The training of operators at Gemlik Gübre’s urea melt and granulation plant in Gemlik, Turkey, is another example of the successful use of the OTS. The Gemlick plant is another Ultra-Low Energy design and has a production capacity of 1,640 t/d for urea and 500 t/d for urea ammonium nitrate (UAN).

Gemlik Gübre’s OTS is a tailor-made simulator that incorporates a high-fidelity, real-time model of the urea plant and is more than 98 percent accurate in simulating the plant’s dynamic behaviour. This OTS provides operators with comprehensive training and in-depth knowledge of plant behaviour – with this helping them to deliver:

• Faster start-ups
• Rapid recovery from plant upsets
• Higher plant on-stream time
• Increased plant safety
• Lower emissions
• Substantial operational cost savings over the plant’s lifetime.

Conclusion

Stamicarbon offers technological solutions, products, and services for urea plants that are tailored to the specific requirements of customers. The company’s solutions for urea synthesis – such as its Pool Condenser, Pool Reactor and Ultra Low Energy designs – result in increased plant efficiency, reduced operating and maintenance costs, and lower plant emissions. Adopting a full life cycle philosophy, Stamicarbon partners with its clients to design, build and operate urea plants, while continuously seeking improvements and providing support.

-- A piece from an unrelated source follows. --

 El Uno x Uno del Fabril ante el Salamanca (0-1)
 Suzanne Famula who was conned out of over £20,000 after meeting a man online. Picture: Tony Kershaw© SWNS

Stamicarbon, by leveraging its extensive expertise in nitrogen technology, in collaboration with sister companies from MAIRE S.p.A., offers a digital toolbox to optimise plant operations – both in urea production and other chemical processes. The Stami Digital portfolio includes a wide suite of digital services and is backed by proven track record of effective improvements in plant load and reductions in energy consumption.